Im 2. Kapitel werden Beispiele gelingender und mißlingender Elementarisierung vorgestellt ­ es ist interessant zu sehen, was alles mißlingen kann. Zum Beispiel kann die theologische Theorie dem Unterrichtenden den Blick auf die Verstehensweise der Schüler versperren. Auch Schwierigkeiten der Lehrenden mit ihrem eigenen Kinderglauben können ihr Verstehen erschweren.

Der Kinderglaube ist nicht linear zu erfassen, sondern stellt "ein beträchtliches Potential an gegenseitigen gedanklichen Anstößen" dar, "die allerdings durch Unterstützung von seiten eines behutsamen Gesprächsleiters an Klarheit gewinnen können" (67). An moralischen Fragen sind die Schüler in höherem Maß beteiligt als an reinen Glaubensfragen. Die Frage der Wahrhaftigkeit, der Übereinstimmung von Wort und Person spielt im Religionsunterricht eine besondere Rolle.

Das 3. Kapitel bietet Ansätze einer geschlechtsbezogenen Unterrichtsanalyse. Elementare Zugangsweise wie elementare Erfahrungen sind auf die geschlechtsspezifischen Verläufe von Sozialisation und Entwicklung zu beziehen. Die Gottesfrage (feministische Theologie) spielt hierbei eine besondere Rolle.
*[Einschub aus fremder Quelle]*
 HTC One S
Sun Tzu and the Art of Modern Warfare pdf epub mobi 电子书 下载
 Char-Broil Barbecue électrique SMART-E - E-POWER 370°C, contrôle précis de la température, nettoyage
Kapitel 4 behandelt Elementarisierung und Entwicklungspsychologie im Kontext der Elementarisierungsdiskussion. Die Elementarisierung ist ein Prüfstein dafür, "wie ernst es die Religionspädagogik mit dem Bildungsgedanken meint" (145). In kurzem Abriß wird die Diskussion um eine elementare Theologie seit H. Kittel 1970 dargestellt.

Im zweiten Abschnitt dieses Kapitels wird dem Zusammenhang von Entwicklung und Lebensgeschichte nachgegangen (156) und werden entwicklungspsychologische Theorien kritisch gewürdigt (die Stufentheorien, Theorien des menschlichen Lebenszyklus, die psychoanalytische Entwicklungspsychologie, soziologische Theorien der religiösen Sozialisation).
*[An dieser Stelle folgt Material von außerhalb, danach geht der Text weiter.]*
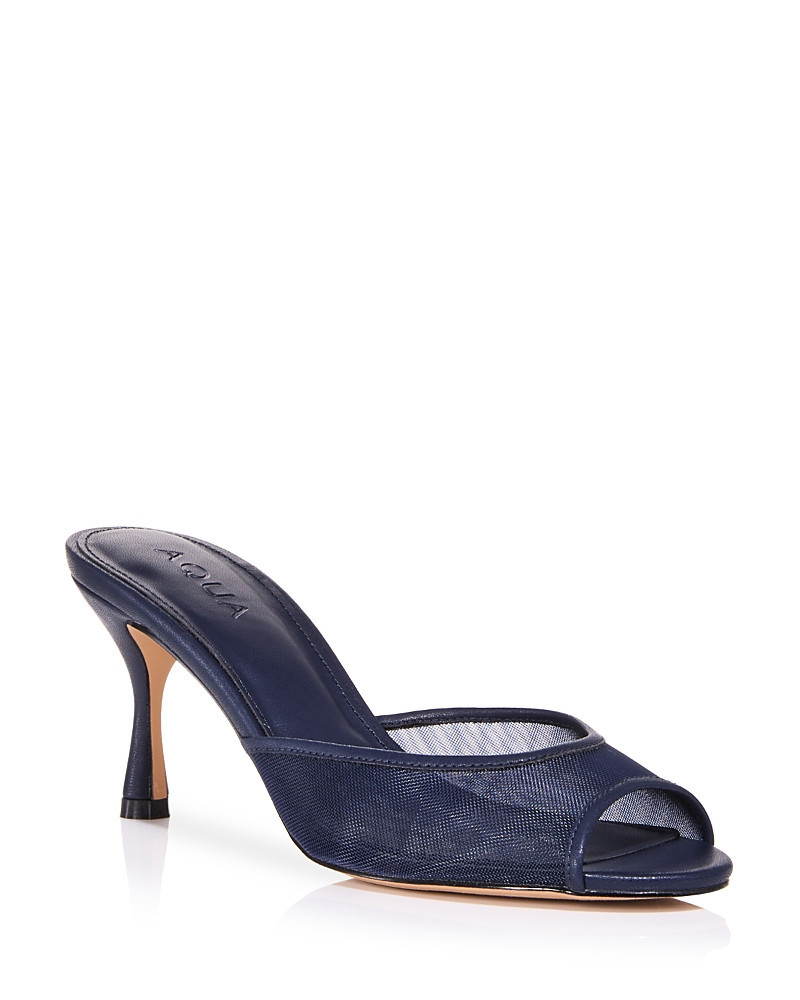Aqua Women's Sjil Pumps - Exclusive | Bloomingdale's (US)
Elementarisierung soll nun zum Modell der Planung von Unterricht werden, im Rahmen der didaktischen Analyse verortet (Kapitel 5). Schließlich gehen die Überlegungen ins Methodische über ("Elementarisierung und Lernwege", 179 ff).

Kapitel 6 bietet einen "didaktischen Wegweiser", der zur Benutzung entwicklungspsychologischer Literatur anleitet. Das abschließende 7. Kapitel stellt die religiöse Entwicklung im Religionsunterricht anhand eines Forschungsprojekts zwischen 1988 und 1993 dar, das die Basis dieser Arbeit bildet. Die Ergebnisse werden auf 206 ff. zusammengestellt (so z.B. dies, daß die Lehreräußerungen über Gott unabhängig vom Entwicklungsstand der Schüler sich jeweils auf ihrem eigenen Niveau bewegen und damit erst in Klasse 10 der Stufe der Klasse entsprechen).

Adressaten dieses Buches sind in erster Linie die Praktiker, wobei es dafür dann doch sehr viele theoretisch-abstrakte Abschnitte enthält. Andererseits bietet es auf diese Weise sowohl dem Praktiker eine Fülle interessanter und hilfreicher Einzel-Erkenntnisse wie dem theoretisch Arbeitenden weiterführende Fragestellungen und Impulse.